Fuster avait apporté de la voiture une boîte de carton huileuse qu’il conservait comme un trésor. Beser chercha à voir ce qu’elle contenait et s’écria avec enthousiasme :
— Des Flaons ! Tu as fait ça pour moi, Enric ?
Ils s’embrassèrent comme deux compatriotes qui se rencontrent au pôle Nord, et expliquèrent à Carvalho aviné que les Flaons sont l’échelon supérieur du Pastisset(30) de tous les Pastissets des Pays catalans. Dans tout le Maestrazgo on les fait avec de la farine travaillée avec de l’huile, de l’anis, du sucre ; on les fourre avec du lait caillé, des amandes pilées, de l’œuf, de la cannelle et de l’écorce de citron râpée.
— Ma sœur me les a apportés hier. Le lait caillé, c’est un foutu machin qui se gâte tout de suite.
Beser et Fuster prenaient des poignées imaginaires d’arôme de paella, et les sentaient.
— Trop de poivron, dit Beser.
— Attends de la manger, couillon ! répliqua Fuster concentré comme un alchimiste sur ses cornues.
— Quelques escargots pour donner la dernière touche. Voilà ce qui manque. Pepe, aujourd’hui, tu vas goûter la paella royale, l’authentique, celle que l’on faisait avant que les pêcheurs ne la corrompent en noyant leur poisson dans le roux.
— Et tu la manges bien, toi ?
— C’est parce que je fais de l’anthropologie, couillon.
Ils posèrent la paella à même la table de cuisine, et Carvalho se prépara à la manger à la manière rurale, c’est-à-dire sans assiette, on choisit une parcelle de territoire dans le récipient lui-même. En théorie c’est une paella pour cinq qu’ils mangèrent sans autre effort que de l’arroser en permanence pour qu’elle arrive bien réduite dans l’estomac. Ils vinrent à bout de la carafe de six litres et en commencèrent une autre.
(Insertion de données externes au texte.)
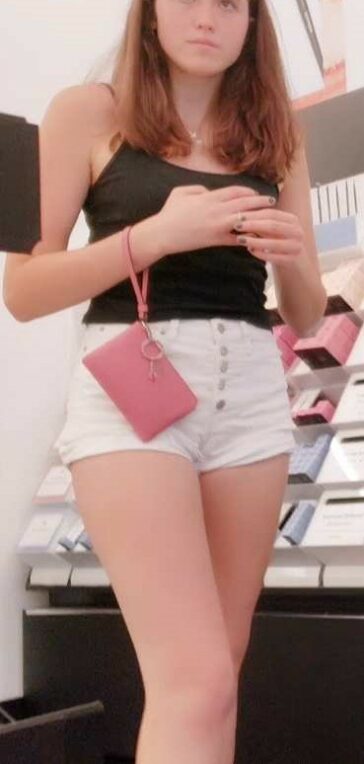 Busted By Innocent Teen In Shorts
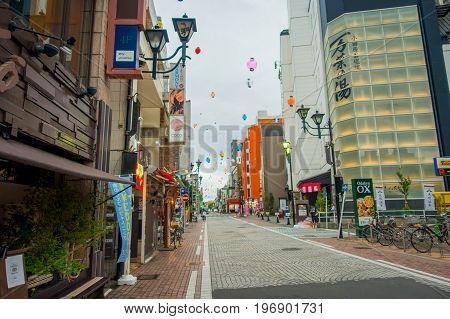 HAKONE, JAPAN - JULY 02, 2017: Beautiful view of streets. It also provides bus stop for Hakone Tozan Bus back to Hakone-Yumoto and Odawara.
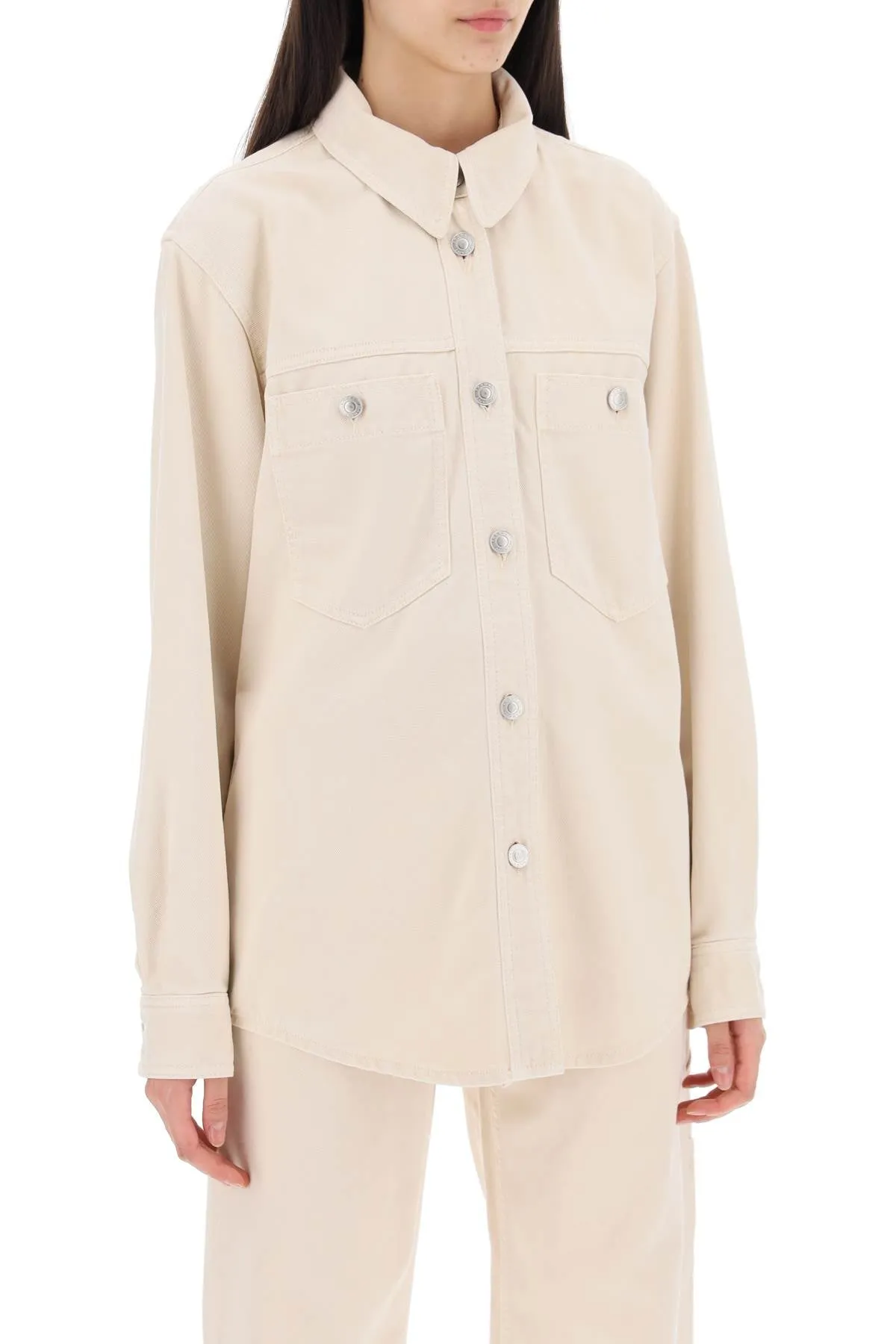 Isabel marant denim talbot shirt CH0129FA B1H07I ECRU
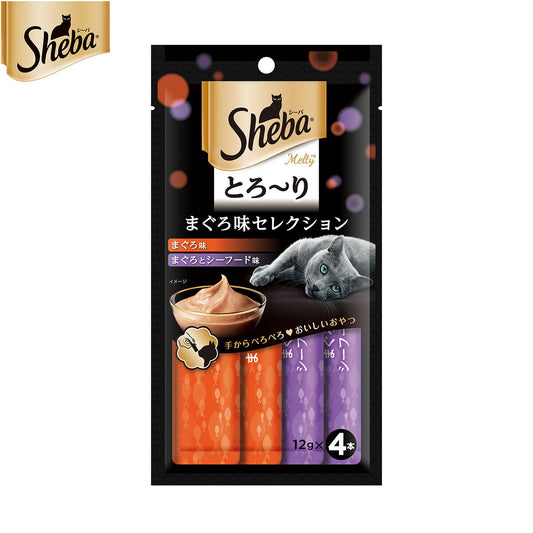 シーバ 猫用おやつ 成猫用 とろ~り メルティ まぐろ味セレクション 12g×4本 ねこ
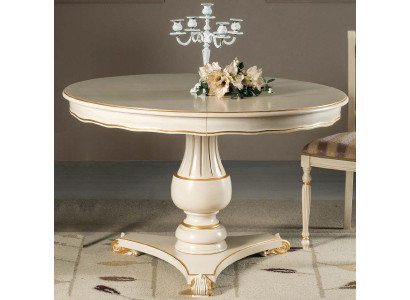 Ronde eettafel Eettafels Eettafels Stijlen Elisa Eettafels Luxe meubels Hout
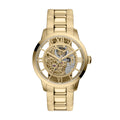 Fossil Townsman Automatic Gold-Tone Skeleton Dial Gold-Tone Stainless Steel Strap Men's Watch ME3280 - view 1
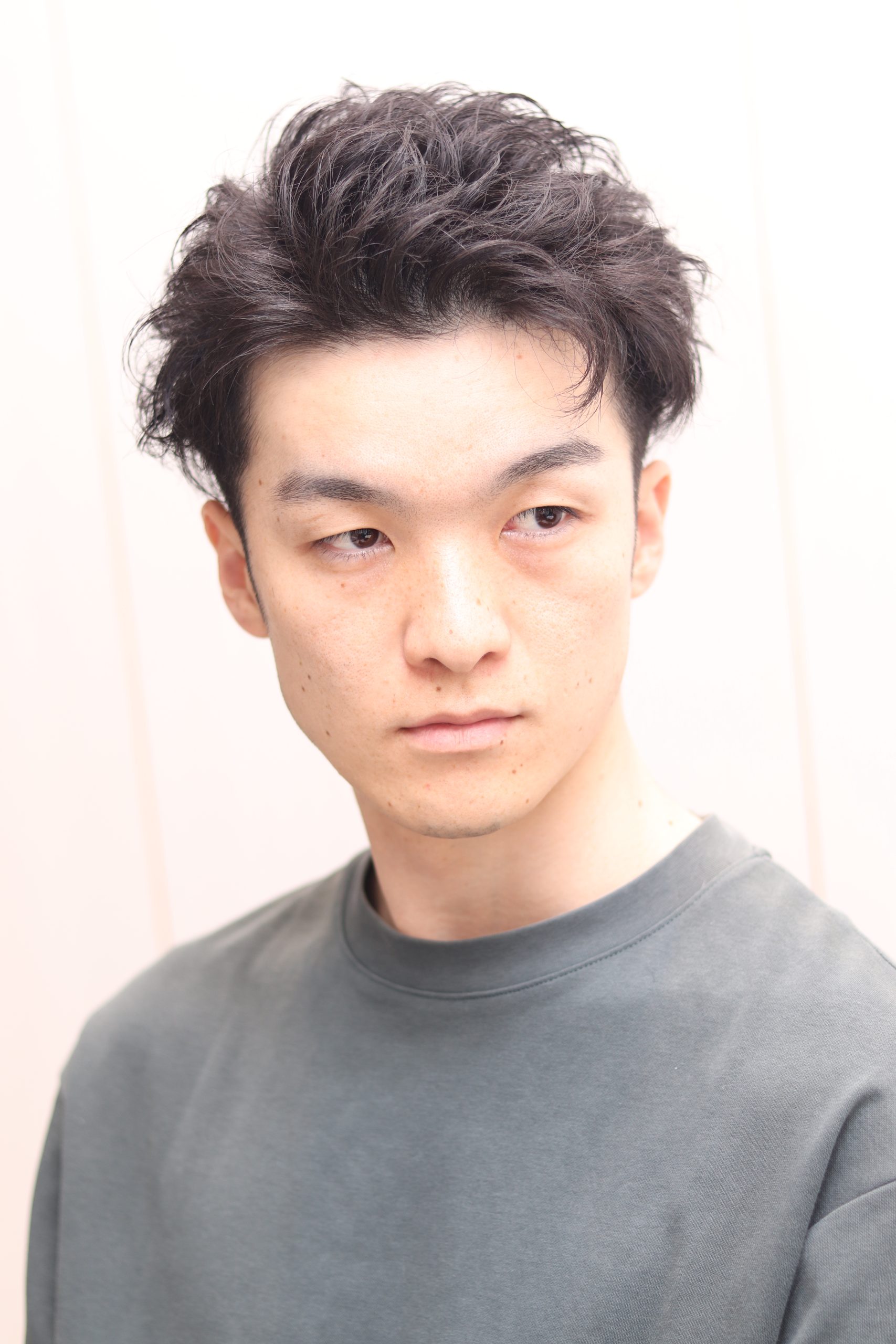 爽やかマットショート☆ビジネス刈り上げツーブロックブラック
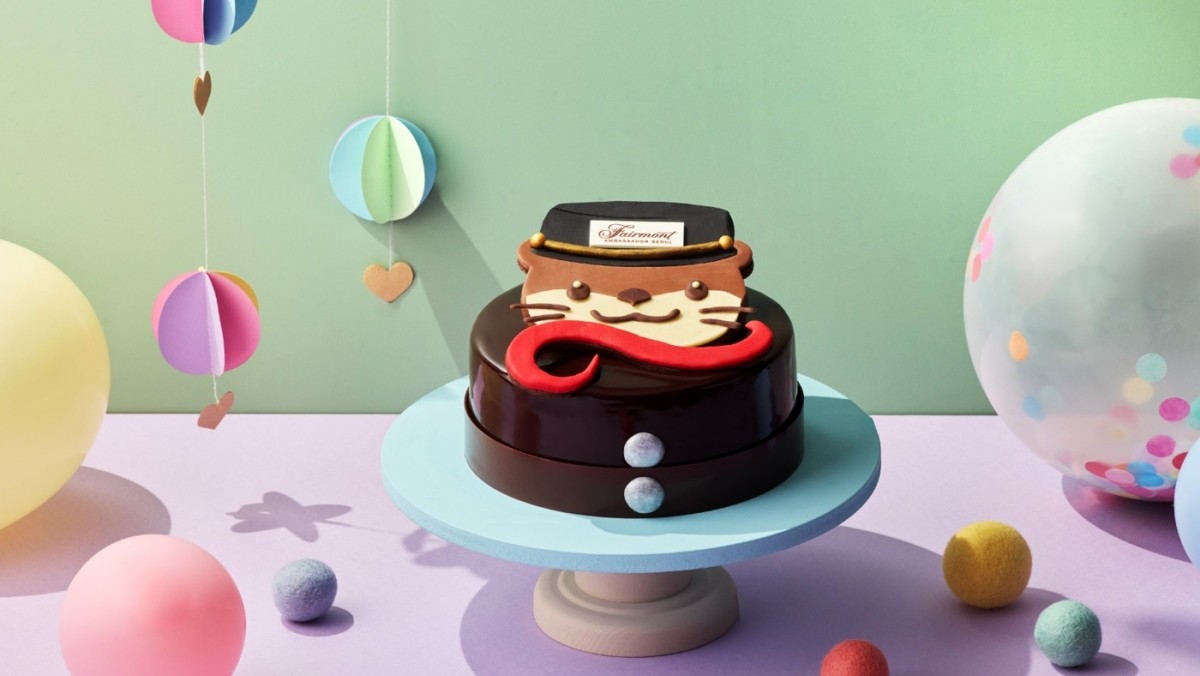 페어몬트 마스코트를 활용한 캐릭터 수다리 케이크.  / 페어몬트 서울 제공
Ensuite, Beser sortit une bouteille de Mistela d’Alcalà de Chisvert, pour les flaons.
— Avant que tu ne puisses plus distinguer un sonnet d’un extrait de l’annuaire du téléphone, résous le problème pour lequel mon copain détective a demandé ton aide. C’est vrai, je ne vous ai pas présentés. À ma droite, Sergio Beser, 78 kilos de foutu caractère carotte, à ma gauche Pepe Carvalho – combien pèses-tu ? Lui, c’est l’homme qui connaît le mieux Clarin(31). Il en sait tellement sur lui que s’il ressuscitait, il le tuerait. Rien dans le domaine littéraire ne lui est étranger. Ce qu’il ne sait pas, c’est moi qui le sais. « Robustes esclaves, suant sous le feu des cuisines, ils laissaient sur la table les mets du premier service, dans de grands plats d’argile rouge de Sagonte. » De qui est-ce ?
— De Sonnica la courtisane, de Blasco Ibanez, devina Beser nonchalant.
— Comment le sais-tu ?
— Parce que chaque fois que tu vas te soûler tu récites l’Ode à la paella de Péman, et quand tu es soûl, tu déclames la scène du banquet que Sonnica organise pour Actéon d’Athènes, devant Sagonte.
— « Chaque convive avait un esclave derrière lui, à son service, et tous ensemble ils remplirent dans le cratère les coupes pour leur première libation. »
Fuster continua sa récitation en solitaire tandis que Carvalho sortait le papier où Stuart Pedrell avait tapé ses hiéroglyphes à la machine. Beser acquit soudain une gravité d’expert en diamants, et ses sourcils roux diaboliques se hérissèrent devant le défi. Fuster s’arrêta de déclamer pour enfourner le dernier flaon qui restait. Beser se leva et se mit à tourner autour des convives. Il but un autre verre de Mustela et Fuster lui reversa du liquide pour qu’il n’y ait pas panne sèche d’essence mentale. Le professeur récitait à voix basse, comme s’il s’agissait de retenir les vers par cœur. Il retourna s’asseoir et posa le papier sur la table. Sa voix sortit froidement comme si de toute la soirée il n’avait bu que de l’eau glacée. Et tout en parlant il roulait une cigarette de tabac blond.